MAP allows students to find peer advisors within a certain major on an online database. These advisors are upperclassmen who apply to the program to share their knowledge with students looking to navigate Penn academics. While various advisors say that only a few underclassmen tend to reach out for help, they believe that the program is worthwhile. 

College senior Jack Becker has been a MAP advisor for science, technology, and society since last spring, but has not yet had any students reach out to him. 

Photo: Arabella Uhry

College senior Lacey Chaum is a MAP advisor for communication and decided to apply to share her passion for the major. Although MAP advisors are unpaid, Chaum said she believes the program is extremely rewarding because she gets to see how her journey at Penn has come “full circle.”

“I was a freshman in their shoes once, nervous about starting my path at Penn and now I can confidently say I’ve had a great experience in my major, and share it with them,” Chaum said.

However, only a few students have reached out to Chaum so far this semester.

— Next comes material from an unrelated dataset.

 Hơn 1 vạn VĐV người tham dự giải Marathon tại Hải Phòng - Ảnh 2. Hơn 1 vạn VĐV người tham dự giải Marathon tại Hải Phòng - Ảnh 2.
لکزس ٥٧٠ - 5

One of those students was College freshman Emily Solomon, who contacted Chaum to learn about possible jobs for communication majors. 

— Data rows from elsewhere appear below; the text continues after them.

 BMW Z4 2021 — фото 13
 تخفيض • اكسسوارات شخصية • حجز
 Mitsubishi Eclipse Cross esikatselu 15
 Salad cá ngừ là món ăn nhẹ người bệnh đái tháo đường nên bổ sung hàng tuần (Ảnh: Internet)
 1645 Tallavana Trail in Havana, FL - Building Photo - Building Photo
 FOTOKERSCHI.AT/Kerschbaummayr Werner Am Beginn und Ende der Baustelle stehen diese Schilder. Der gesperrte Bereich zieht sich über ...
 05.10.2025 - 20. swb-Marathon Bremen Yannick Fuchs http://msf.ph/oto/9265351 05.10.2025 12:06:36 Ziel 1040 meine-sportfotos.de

Solomon had already reached out to her academic advisor and faculty members in The Annenberg School for Communication, but was not able to get the specific answers she was looking for. 

“[Chaum] was the most helpful information source that I had found,” Solomon said. 

College freshman Ryan Foo emailed several MAP advisors about what classes to take. 

"[MAP advisors] fulfill a role of an advisor that other [academic] advisors don’t because other advisors are faculty members, so they didn’t actually go through the process themselves," Foo said. "They didn’t actually go through the major themselves.”

Foo found out about MAP on the Politics, Philosophy, and Economics Department website, but said he does not think enough students know about the program. 

“I told some of my friends about it, and not a lot of people have ever heard of it before, and I don’t think it’s that well advertised,” he said. “I got lucky that I found it.” 

College senior Molly Bucklin, a MAP advisor for biology, also said too few students know about the program, as only a handful of students have reached out to her. 

“I am more than happy when people reach out,” she said. “I feel like I overdo it sometimes in the responses. I’m just so excited that people reach out that I just write them paragraphs back.”

College senior Kim Newman is also a MAP advisor for biology. Newman agreed that too few students know about the program, as, similar to Bucklin's situation, only a few students have reached out to her. 

There are not MAP advisors for every major in the College, and the majors with MAP advisors have vastly varying numbers of them. For example, cinema and media studies has no MAP advisors on the database, while PPE has six. Science, technology, and society has only three. 

Bucklin has had only a few students reach out to her, but she still stresses the value of MAP. 

“You can actually reach out to someone who has taken the same classes as you and can give you a very accurate perspective,” she said.